Christian Kupchik es escritor, traductor y editor, pero sobre todo un viajero apasionado que se dedica a recorrer el mundo sin rutas preconcebidas y en plan gasolero. Así conoció culturas de lo más diversas y cientos de lugares fuera de las rutas turísticas.
Foto: Patricio Pérez
Hay momentos o situaciones que pueden definir un destino. Fue lo que le ocurrió a Christian Kupchik al poco tiempo de arribar a París, en 1977, con el objetivo inicial de estudiar Psicología. Lleno de ambiciones intelectuales, se encontró con una realidad distinta cuando trabajaba como conserje de noche en un hotel para pagarse la universidad y dormía en una de esas típicas buhardillas con techo abovedado y tejas negras, pintorescas, pero poco acogedoras.

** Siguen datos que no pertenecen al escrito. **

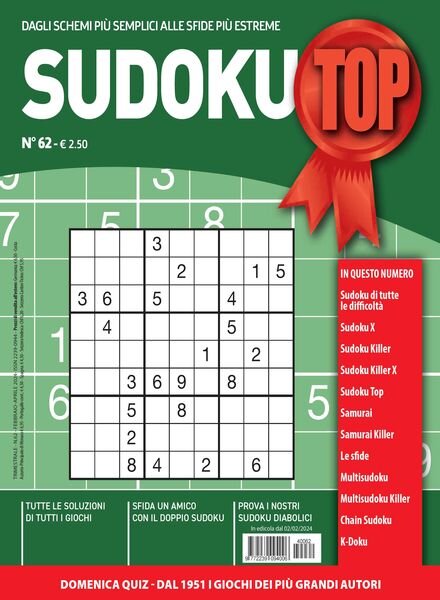 Sudoku Top – Febbraio-Aprile 2024 Cover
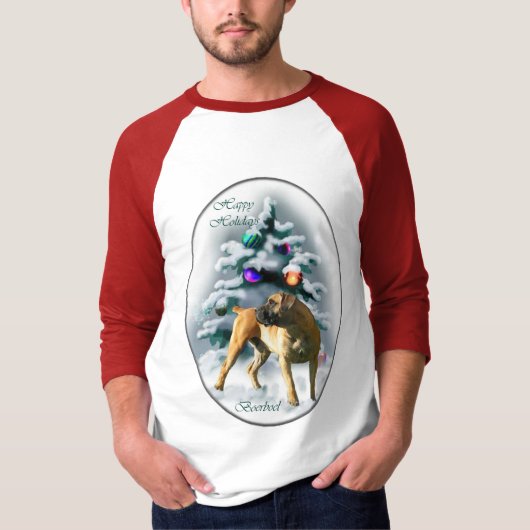 Boerboel Weihnachtsgeschenke T-Shirt (Vorderseite)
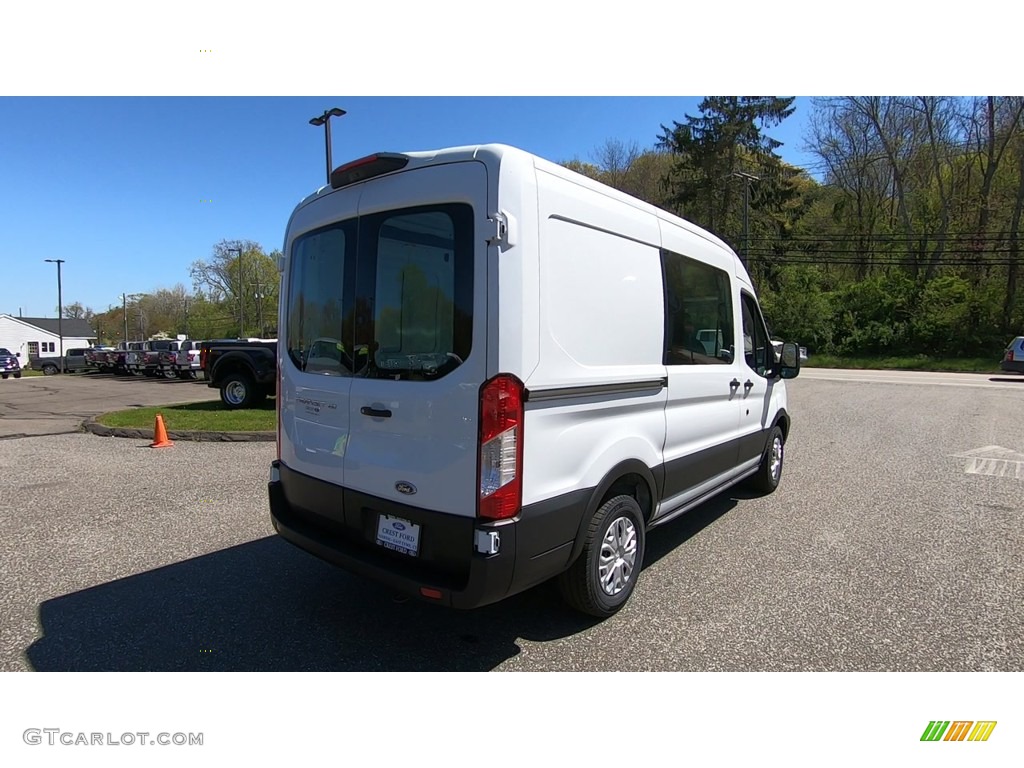 2019 Transit Van 150 MR Regular - Oxford White / Pewter photo #7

“Para mí, París no fue ninguna fiesta”, admite este porteño melenudo de 60 y pico que, a pesar de su nombre y su pinta de gringo, se reivindica como “un pibe de barrio”. Sin embargo, rescata de esa experiencia el haber convivido con inmigrantes del norte de África o la isla caribeña Martinica, lugares con fuerte influencia francesa. “Tenía mucho más trato con ellos que con los parisinos, y eso me despertó la curiosidad por viajar y abrirme a otras culturas”, cuenta.
Así fue como empezó a picarle el berretín de la ruta y se mudó a Barcelona, donde pensaba especializarse en Psicoanálisis, pero se hizo artesano. Y de allí se trasladó a Estocolmo, donde estudió Filología nórdica y, con el tiempo, llegó a traducir al castellano a grandes poetas suecos como Emmanuel Swedenborg, admirado por Borges, y al premio Nobel Tomas Tranströmer. Al mismo tiempo, entendió que había llegado el momento de ampliar sus horizontes y se largó con la mochila a conocer el África árabe.
“Aprendí a viajar sin mapas, como aconsejaba Graham Greene; a adoptar las costumbres locales y a perderme entre las gentes, los olores y los sonidos”, describe. Así convivió como un nómada más con los tuaregs del desierto del Sahara, a quienes describe como “personas muy solidarias y sin ningún problema para aceptar a otros cuando hay respeto mutuo”. Años más tarde, en otro confín del mundo como la gélida Laponia, presenció el espectáculo natural único de la aurora boreal y conoció a los saami, pueblo originario de lo que prácticamente es el Polo Norte.
Todos sus viajes fueron bien gasoleros: “Me arreglaba con muy poco; a veces me enganchaba en las cosechas para juntar algo de dinero y seguir, o trabajaba como mozo”, explica. A cierta altura de la conversación, su catarata infinita de recuerdos ya no sigue ninguna cronología ni ruta precisa, y entonces pasa sin escalas al archipiélago San Blas, en el mar Caribe, donde la civilización originaria de los gunas se mantiene en estado virginal. “América Latina está llena de lugares así, no hay que irse al otro lado del mundo”, asegura con conocimiento de causa.
Como es obvio, entre viaje y viaje entendió que tenía bastante para contar y, hombre de las letras al fin, empezó a volcar sus vivencias al papel. “Aunque la verdad es que yo no viajo para publicar ni dejar constancia de nada, sí me resulta inevitable escribir, porque para mí es casi como respirar”, explica. Hoy tiene a medio corregir una buena cantidad de crónicas y reflexiones bajo el nombre genérico El arte de errar. “En el doble sentido de la errancia y el error –aclara–, porque la historia de los viajes es siempre la historia de un equívoco, como el de Colón, que quería llegar a Asia”.
Entre tanto, publicó varios libros de poesía y cuentos, además de un volumen de entrevistas a escritores realizadas a lo largo del mundo: Todos estos años de gente. Y se convirtió en traductor literario de inglés, francés, italiano, sueco, noruego y danés. En la actualidad, dirige su propia editorial, Leteo, y la revista on-line Latitud Leteo, que provee a las redes sociales de textos inéditos para aliviar el tedio de la cuarentena.
Por cierto, justo antes de que comenzara la pandemia estuvo en Vietnam, donde navegó en balsa por el río Mekong hasta Camboya. Es que la historia de Christian se resiste al punto final.